The Spring 2009 issue of Parameters is now available. The contents include two-article sections on the issue of proportionality in war, and Afghanistan, a well-balanced article by W. Andrew Terrill on "Deterrence in the Israeli-Iranian Strategic Standoff," and a piece by Roger N. McDermott on "Russia's Conventional Armed Forces and the Georgian War."
I read McDermott's article with particular interest given my own recent examination of the idea of a "resurgent" Russia in The Space Review. McDermott's article does not devote very much to the Russian military's personnel problems, but its examination of other issues is thorough and compelling.
In his assessment of that country's armed forces during the five-day conflict, McDermott mentions improvements in mobility and command and staff arrangements (as compared with Russian conduct in the 1990s), but as one might expect, most of the post-Soviet military's glaring weaknesses have not been corrected, least of all widespread unreadiness and the burden of operating with obsolete equipment. This is especially the case in the area of communications and electronic warfare, Russia's weaknesses in which were especially evident in the failure to suppress Georgian air defenses (which notably cost Russia a Backfire bomber), use satellite data in artillery targeting, and most surprisingly, to employ precision-guided munitions. (Russia's failure to successfully employ its GLONASS satellite system seemed particularly striking to me given the prioritization of that system by the Russian government, which has extended to relatively heavy supplementary spending to maintain the system's extent and operability. Part of the explanation apparently lies in a shortage of GLONASS receivers inside the Russian armed forces, which according to data McDermott cites, had it trying-and failing, because of the "blanking out" of Georgia on the system-to use American GPS.)

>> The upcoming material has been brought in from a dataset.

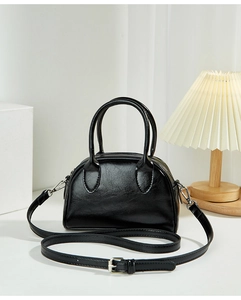Detail of black wax leather Boston bag with silver hardware and adjustable strap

It is also evident in the age of many of the major weapons systems used (the Russian army, apparently, relying heavily on 1960s-era T-62s and BMP-1s).
On the whole, McDermott judges the conflict to be Russia's last 20th century war, fought with legacy Soviet systems and legacy Soviet practices; and the actualities of the conflict belied the idea of Russia resurging as a military power (conveyed by, among other things, recent high-profile military exercises and the renewal of long-range bomber patrols). He also discusses the idea that the conflict has been used to sell reform internally (a contentious issue), and notes (accurately, I think) that given Russian economic realities (which I analyzed in part two of my Space Review article) and political ones (reform will mean a sharp reduction in the officer corps, among other contentious details), successful reform is anything but assured.
There is also a lengthy review essay by Larry M. Wortzel on recent writing on North Korea, and a number of worthwhile book reviews, including Andrew Bacevich on Richard Haass's War of Necessity, War of Choice (admittedly, containing few surprises for anyone familiar with either of them), Jeffrey Record on Jane Mayer's The Dark Side, and Stephen J. Blank on Colin S. Gray's War, Peace and International Relations.